The invalid laughed his nasty, sarcastic laugh, and muttered several times to himself:

“If she only knew how he loves Neit-akrit… she would suffer… ay! and I think I would make him suffer, too.”

Late in the evening, at last, he dropped into a troubled sleep; and I, feeling momentary peace and freedom, went out upon the terrace. The Pharaoh’s palace faced the temple of Isis, behind which lay the mysterious garden with the lonely snow-white pavilion, and the sacred nook, beside the cataract, with beyond it the palace of the royal bride.

The night was exquisitely still, the moon was not yet up, and the shadows were not as yet very dark. It was a perfect evening, and my thoughts flew out across the poetic garden to the lonely spot where, in the midst of this picturesque and pagan land, an Englishman was preparing to sacrifice his happiness for the sake of his honour. An infinite sadness crept over me: I longed for dear old England and for peace, and above all I longed for sight of Hugh before the awful, the irrevocable had actually happened. Somehow I could not believe that the preposterous thing was really about to be accomplished; that, within the next few hours, a man so good, so true as Hugh Tankerville could be called upon to wreck his whole life without a protest. We were obviously doomed to remain in this exotic land for the whole term of our natural lives. I was willing enough to remain: I had no ties, save those which bound me to my friend, and if Hugh could but marry the woman he loved, I know he would have craved for nothing more. But we were among people as high-minded and more civilised than ourselves: a woman here was as sacred, as much worthy of respect, as in our own distant homes, and conscience has an unhappy knack of following one wherever one may go. All this I knew and felt; and now, at the eleventh hour, I, too, in my inmost heart began to argue with my conscience, to bandy words with my friend’s honour, and to try and find a loophole through which I could drag Hugh Tankerville away from the very foot of the hymeneal altar.
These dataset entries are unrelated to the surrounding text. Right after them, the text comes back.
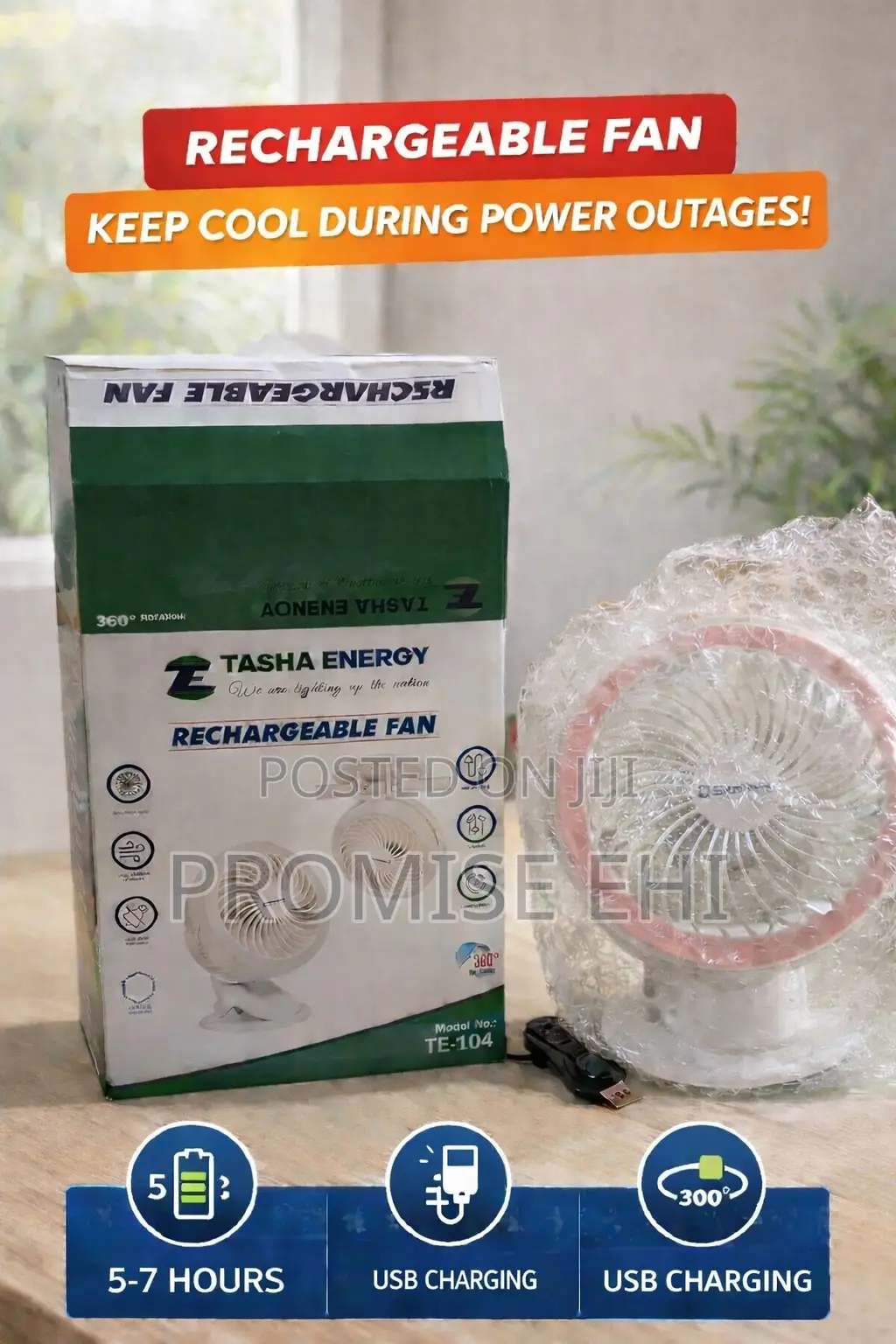 Rechargeable Fan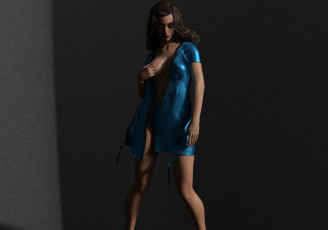 Картинка 3д+графика люди+ people взгляд девушка ночь тьма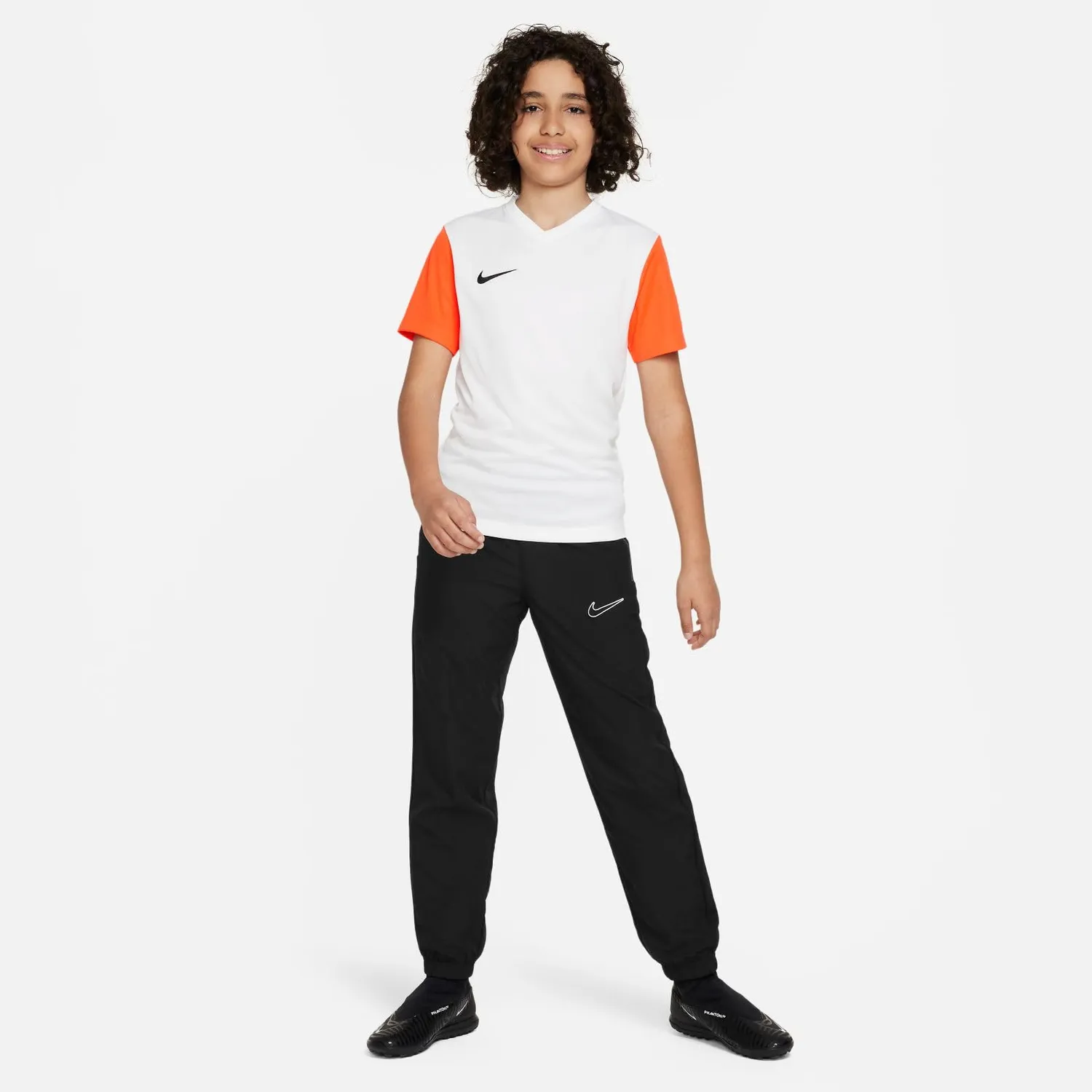 Nike Park VII maglia calcio bimbo bianca L/S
The longing to speak to Hugh, if only for a moment, became imperative. I was not sure whether I should find the way open through the temple gardens to his pavilion, but at any rate I resolved to try. Wrapping a dark cloak round me, I found my way out of the Pharaoh’s palace, and soon reached the outer precincts of the temple close.

The sacred edifice, in its severely imposing architecture, with massive columns, such as the Egyptians love, towered high above me, square and broad, upon a gigantic flight of marble steps. Hugh and I had visited it the day before, and I loved its simple magnificence, its gorgeous proportions, its great snow-white columns, the exquisite tracery, picked out in silver inlay, which gleamed in the gathering shadows of evening, looking singularly ethereal and ghostlike.

The evening sacrifice was just over, for I heard behind the temple the sound of sistrum and harp, dying away in the distance; and the song of Isis’s sacred courtesans, as they took possession of their enchanted gardens, sounded more and more remote. From the gardens an overpowering scent of flowers was wafted towards me, and I could see on my right the pavilion where Hugh probably at this moment was pacing up and down the marble hall like some caged lion, nestling behind a clump of orange trees: and far beyond, the canals, like shimmering ribbons, wound in graceful curves towards Tanis and Net-amen, Men-ne-fer and Het-se-fent.

I had already turned towards the pavilion and was following a long path, which led away from the temple, when my ear caught the sound of stealthy footsteps upon the sandy walk, some distance behind me. Astonished, I turned to see who my companion was in this evening stroll, and to my amazement recognised my patient, the mighty Pharaoh, who, like myself, wrapped in a dark cloak, was softly walking at right angles from the path which I myself was following, straight towards the temple, and the next moment had disappeared from my view behind a piece of sculpture.